The report cites three reasons why the ongoing economic slowdown may have a particularly strong impact on the employment panorama: first, compared to the start of the crisis, enterprises are now in a weaker position to retain workers; second, as pressure to adopt fiscal austerity measures mount, governments are less inclined to maintain or adopt new job- and income-support programmes; and third, countries are left to act in isolation due to lack of international policy coordination.
The report’s other main findings include:
- Approximately 80 million net new jobs will be needed over the next two years to re-attain pre-crisis employment rates (27 million in advanced economies and the remainder in emerging and developing countries).
- Out of 118 countries with available data, 69 countries show an increase in the percentage of people reporting a worsening of living standards in 2010 compared to 2006.
- Respondents in half of 99 countries surveyed say they do not have confidence in their national governments.
- In 2010, more than 50 per cent of people in developed countries report being dissatisfied with the availability of decent jobs (in countries such as Greece, Italy, Portugal, Slovenia, and Spain, more than 70 per cent of survey respondents reported dissatisfaction).
- The share of profit in GDP increased in 83 per cent of the countries analyzed between 2000 and 2009. Productive investment, however, stagnated globally during the same period.
- In advanced countries, the growth in corporate profits among non-financial firms was translated into a substantial increase in dividend payouts (from 29 per cent of profits in 2000 to 36 per cent in 2009) and financial investment (from 81.2 per cent of GDP in 1995 to 132.2 per cent in 2007).
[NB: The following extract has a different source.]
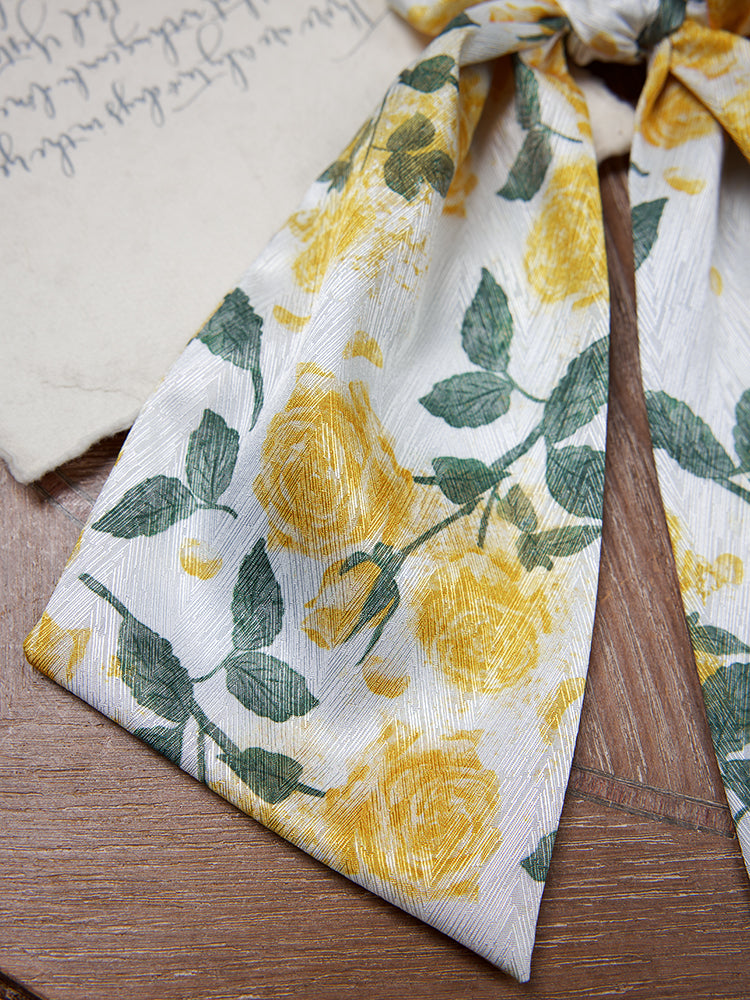 Yellow Rose Satin Hair Scrunchie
The crisis reversed slightly these trends, which resumed in 2010.
- Food price volatility doubled during the period 2006-2010 relative to the preceding five years, affecting decent work prospects in developing countries. Financial investors benefit more from price volatility than food producers, especially small ones.
Et sammendrag av rapporten finnes her.
Dette bekrefter den analysen jeg er kommet fram til i Sammenbruddet, men jeg gjør i tillegg en del ting som ILO ikke gjør. Jeg ser på de økologiske krisene i tillegg til den økonomiske krisa, og jeg ser på rivaliseringa mellom stormaktene. Det er når alt dette ses i sammenheng at det virkelige dramaet blir synlig.